MATERIAL PROVIDED
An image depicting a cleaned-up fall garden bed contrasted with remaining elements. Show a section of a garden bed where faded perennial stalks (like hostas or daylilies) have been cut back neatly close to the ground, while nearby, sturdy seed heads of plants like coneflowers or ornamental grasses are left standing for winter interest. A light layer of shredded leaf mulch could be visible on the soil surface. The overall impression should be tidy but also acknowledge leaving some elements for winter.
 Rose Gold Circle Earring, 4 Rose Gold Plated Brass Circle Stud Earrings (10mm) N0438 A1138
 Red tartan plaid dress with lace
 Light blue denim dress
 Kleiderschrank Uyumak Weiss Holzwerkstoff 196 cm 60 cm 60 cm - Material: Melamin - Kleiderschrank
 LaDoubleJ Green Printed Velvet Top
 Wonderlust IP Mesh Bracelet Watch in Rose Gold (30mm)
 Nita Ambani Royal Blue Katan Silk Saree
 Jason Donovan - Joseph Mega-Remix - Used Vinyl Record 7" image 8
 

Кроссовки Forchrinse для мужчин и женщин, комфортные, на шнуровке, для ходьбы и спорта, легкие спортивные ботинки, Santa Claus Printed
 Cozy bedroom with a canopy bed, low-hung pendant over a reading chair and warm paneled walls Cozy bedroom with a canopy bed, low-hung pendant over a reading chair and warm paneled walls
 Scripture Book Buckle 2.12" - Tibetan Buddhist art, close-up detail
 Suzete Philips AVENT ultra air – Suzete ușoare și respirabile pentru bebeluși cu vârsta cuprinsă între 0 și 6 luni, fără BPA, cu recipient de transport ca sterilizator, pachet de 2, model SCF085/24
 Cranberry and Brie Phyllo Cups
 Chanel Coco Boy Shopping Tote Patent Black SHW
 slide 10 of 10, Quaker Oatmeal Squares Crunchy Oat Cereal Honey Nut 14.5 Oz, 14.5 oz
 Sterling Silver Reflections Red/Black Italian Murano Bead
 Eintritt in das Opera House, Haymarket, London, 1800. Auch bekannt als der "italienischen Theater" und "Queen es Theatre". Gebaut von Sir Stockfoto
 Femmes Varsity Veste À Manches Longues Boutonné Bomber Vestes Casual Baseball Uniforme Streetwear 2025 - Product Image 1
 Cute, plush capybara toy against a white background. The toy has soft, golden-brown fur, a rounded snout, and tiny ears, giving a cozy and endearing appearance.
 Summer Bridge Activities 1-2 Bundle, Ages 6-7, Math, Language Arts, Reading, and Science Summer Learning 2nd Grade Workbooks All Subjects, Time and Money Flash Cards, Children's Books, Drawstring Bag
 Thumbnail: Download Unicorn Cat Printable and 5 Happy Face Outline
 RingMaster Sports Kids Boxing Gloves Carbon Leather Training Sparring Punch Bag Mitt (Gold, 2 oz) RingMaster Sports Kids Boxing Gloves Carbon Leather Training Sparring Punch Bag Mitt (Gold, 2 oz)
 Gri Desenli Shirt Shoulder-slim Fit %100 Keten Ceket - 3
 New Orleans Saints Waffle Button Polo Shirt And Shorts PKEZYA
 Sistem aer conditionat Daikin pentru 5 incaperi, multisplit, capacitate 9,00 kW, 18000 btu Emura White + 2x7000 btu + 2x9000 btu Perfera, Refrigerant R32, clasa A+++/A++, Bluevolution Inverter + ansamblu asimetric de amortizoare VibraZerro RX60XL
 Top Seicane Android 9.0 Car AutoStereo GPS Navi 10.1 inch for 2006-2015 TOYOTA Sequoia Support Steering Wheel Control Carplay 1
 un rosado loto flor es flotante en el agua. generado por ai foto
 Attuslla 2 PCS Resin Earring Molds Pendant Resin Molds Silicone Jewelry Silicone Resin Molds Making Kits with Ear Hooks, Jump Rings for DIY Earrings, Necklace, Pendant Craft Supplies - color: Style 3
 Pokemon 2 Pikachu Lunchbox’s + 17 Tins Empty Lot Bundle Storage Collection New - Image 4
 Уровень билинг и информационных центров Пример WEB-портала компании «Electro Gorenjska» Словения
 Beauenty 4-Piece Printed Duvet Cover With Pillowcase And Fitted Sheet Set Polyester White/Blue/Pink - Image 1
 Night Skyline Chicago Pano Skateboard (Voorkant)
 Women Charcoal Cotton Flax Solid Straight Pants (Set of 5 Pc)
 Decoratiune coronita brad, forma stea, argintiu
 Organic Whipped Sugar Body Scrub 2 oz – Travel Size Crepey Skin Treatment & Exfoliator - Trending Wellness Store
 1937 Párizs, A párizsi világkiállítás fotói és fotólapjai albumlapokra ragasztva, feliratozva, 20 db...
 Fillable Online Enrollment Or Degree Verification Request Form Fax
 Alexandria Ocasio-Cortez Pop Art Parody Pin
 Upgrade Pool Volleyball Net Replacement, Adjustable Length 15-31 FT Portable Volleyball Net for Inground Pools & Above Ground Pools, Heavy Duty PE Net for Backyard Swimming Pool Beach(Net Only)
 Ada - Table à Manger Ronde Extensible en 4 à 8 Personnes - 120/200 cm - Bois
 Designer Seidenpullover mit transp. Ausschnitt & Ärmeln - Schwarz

DESCRIPTION OF THE TASK
A verbatim copy of the listing above, starting from the line with "1937 Párizs, A" and running to its last line, is the only output needed.

WRITTEN REPLY
 1937 Párizs, A párizsi világkiállítás fotói és fotólapjai albumlapokra ragasztva, feliratozva, 20 db...
 Fillable Online Enrollment Or Degree Verification Request Form Fax
 Alexandria Ocasio-Cortez Pop Art Parody Pin
 Upgrade Pool Volleyball Net Replacement, Adjustable Length 15-31 FT Portable Volleyball Net for Inground Pools & Above Ground Pools, Heavy Duty PE Net for Backyard Swimming Pool Beach(Net Only)
 Ada - Table à Manger Ronde Extensible en 4 à 8 Personnes - 120/200 cm - Bois
 Designer Seidenpullover mit transp. Ausschnitt & Ärmeln - Schwarz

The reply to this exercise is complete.